Part-Time / Full-Time Status

  1. Texas and federal laws leave it up to an employer to define what constitutes full-time and part-time status within a company and to determine the specific schedule of hours.

  2. Most companies define full-time employees as those who are regularly scheduled for a set number of hours each week (40, 37.5, 45, or similar amount), and part-time status is for anyone who is regularly scheduled to work less than that amount of time each week.

  3. A common reason for differentiating between part-time and full-time employees is to distinguish the set of employees who receive company benefits from those who are not eligible for such benefits, or to supply a way of distinguishing between two sets of benefits for two classes of employees.
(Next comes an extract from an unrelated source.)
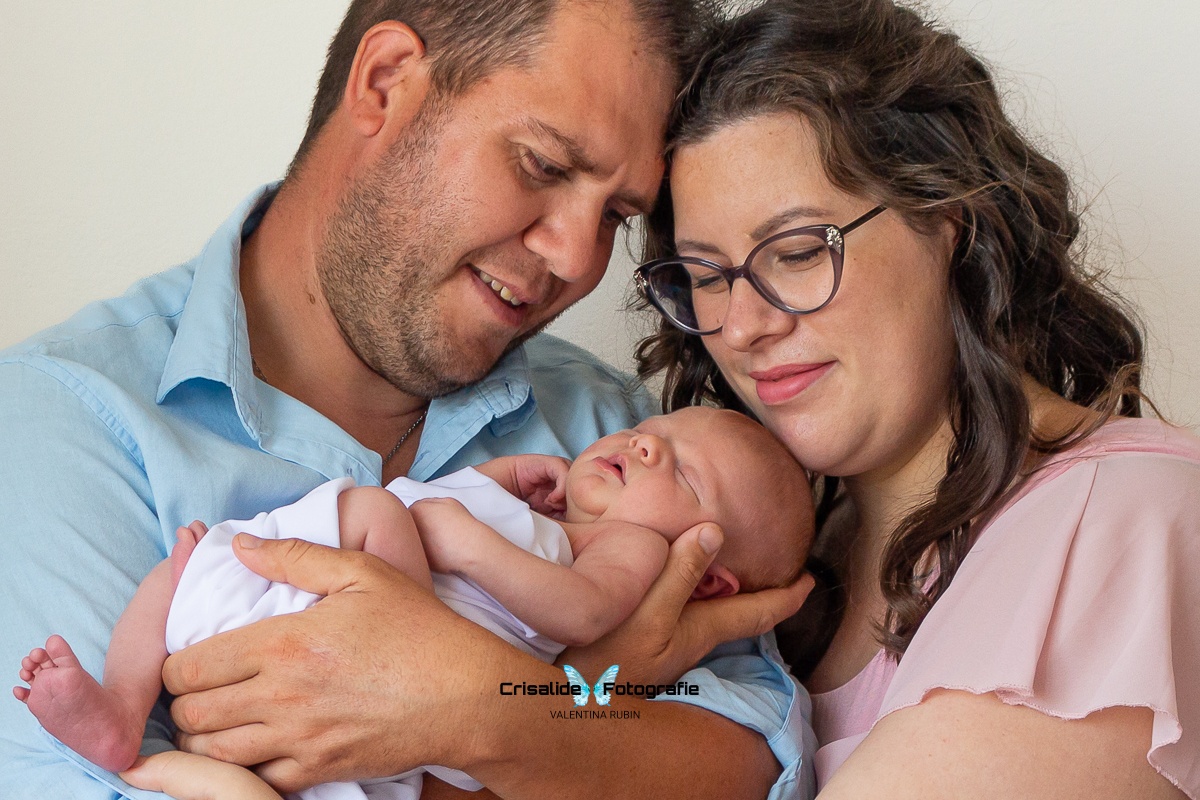 Papà in camicia azzurra tiene la neonata fasciata di bianco mentre la mamma in abito rosa appoggia la testa a quella del marito, i tre volti formano un triangolo su sfondo bianco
It is legal to have one set of benefits, or none at all, for part-time employees, and another set of benefits for full-time employees, as long as there is equal employment opportunity within the company.

  4. Certain benefits have specific rules, however:

    1. Pension or retirement benefits - if a company offers such benefits, the federal law known as ERISA provides that an employee who works at least 1,000 hours in a twelve-month period must be given the chance to elect participation in the pension or retirement plan (this is known informally as the "thousand-hour rule" - see 29 U.S.C. § 1052)
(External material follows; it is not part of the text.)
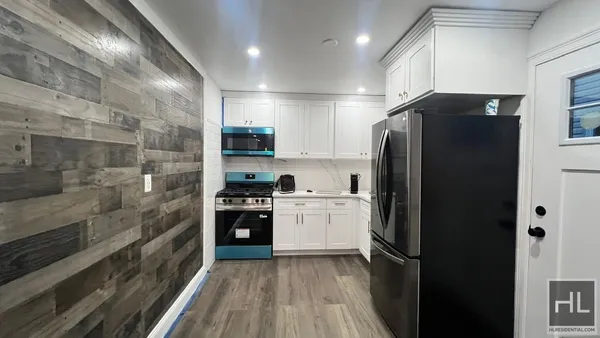 a kitchen with a refrigerator and a stove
    2. Health insurance benefits - if an employer has a health insurance plan, an "eligible employee" is anyone who usually works at least 30 hours per week. The 30-hour rule is worded so that the focus is on what the employee's usual work schedule is. Here is the exact language from the statute governing that issue (Insurance Code § 1501.002(3) at "'Eligible employee' means an employee who works on a full-time basis and who usually works at least 30 hours a week. The term includes a sole proprietor, a partner, and an independent contractor, if the individual is included as an employee under a health benefit plan of a small or large employer. The term does not include an employee who: (A) works on a part-time, temporary, seasonal, or substitute basis; ... ." Similar language is found in the federal statute for the Affordable Care Act.
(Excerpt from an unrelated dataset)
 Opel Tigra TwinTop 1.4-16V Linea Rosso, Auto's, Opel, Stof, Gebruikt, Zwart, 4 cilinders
  5. Having part-time/full-time definitions that are insufficiently specific can lead to a problem of interpretation, if the workplace gets busy for more than a week or two at a time, and employees who are hired as part-timers have to work 40 or more hours several weeks in a row. Such employees might begin to think of themselves as full-time employees and expect full-time benefits. For that reason, some employers write the definitions in a manner similar to this:

    "Full-time employees are those who are regularly assigned to work at least 40 hours each week. Part-time employees are those who are regularly assigned to work less than full-time. While part-time employees may occasionally work 40 or more hours in a particular workweek, or in a series of workweeks, that by itself will not change their regular schedule. However, the company reserves the right to change the regular schedules of employees at any time. In such a case, the company will give affected employees as much advance notice as possible of their new regular schedules and will advise employees of the effect of such changes on their eligibility for company benefits."